Parent-focused interventions can reduce childhood difficulties effectively.
Changing family interactions often changes the child’s emotional responses.
When children present with behavioural, emotional, or relational difficulties, the response of adults is never neutral. The way professionals, parents, schools, and wider systems define the problem shapes not only the intervention itself, but also the child’s developing identity. Childhood is not a fixed psychological state; it is an evolving developmental process. Labels applied during this period can become powerful organising principles that influence how adults interpret behaviour and how children come to understand themselves (Link & Phelan, 2001).
Within strategic and systemic psychotherapy, an alternative model has emerged that seeks to reduce unnecessary pathologisation while maximising effective change: indirect therapy. Rather than positioning the child as the direct recipient of treatment, the therapist works primarily through parents or caregivers, who become the principal agents of intervention. This approach has been explored within the brief strategic tradition by authors such as Giorgio Nardone and other systemic clinicians (Nardone & Portelli, 2005; Portelli, Papantuono, & Gibson, 2016).
Indirect therapy is grounded in pragmatic, ethical, and developmental reasoning.
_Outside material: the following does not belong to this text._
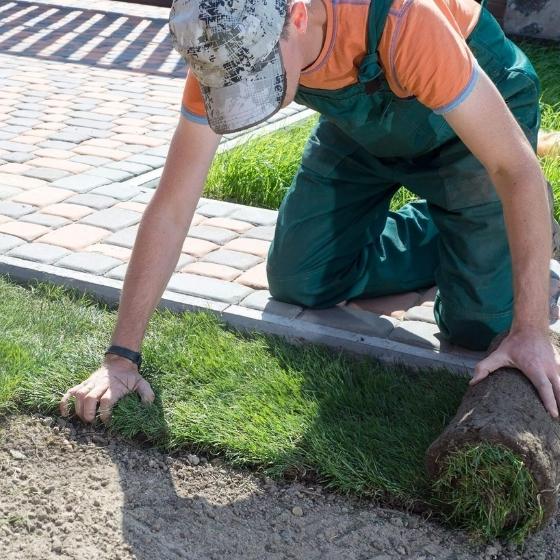 Water drainage solutions SA TX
It recognises that children exist within relational systems and that modifying those systems can often produce change more effectively and less intrusively than direct therapeutic intervention with the child.
Defining Indirect Therapy
Indirect therapy refers to interventions in which the individual presenting the difficulty is not the direct recipient of therapy. In childhood cases, this usually means working with parents or caregivers, who implement structured strategies within the child’s everyday environment. Parents are positioned as collaborators or co-therapists and are guided in changing interactional patterns that maintain the difficulty.
This differs significantly from many traditional child psychotherapy approaches that emphasise direct therapeutic engagement through emotional processing, play therapy, cognitive work, or diagnostic assessment. Indirect therapy instead rests on a systemic understanding of behaviour. From this perspective, problems are not viewed as isolated traits existing solely within the child. Behaviour emerges within patterns of interaction. As theorists such as Paul Watzlawick argued, attempted solutions can paradoxically become the mechanisms that maintain the problem (Watzlawick, Weakland, & Fisch, 1974). When relational patterns change, the child’s behaviour frequently changes as well.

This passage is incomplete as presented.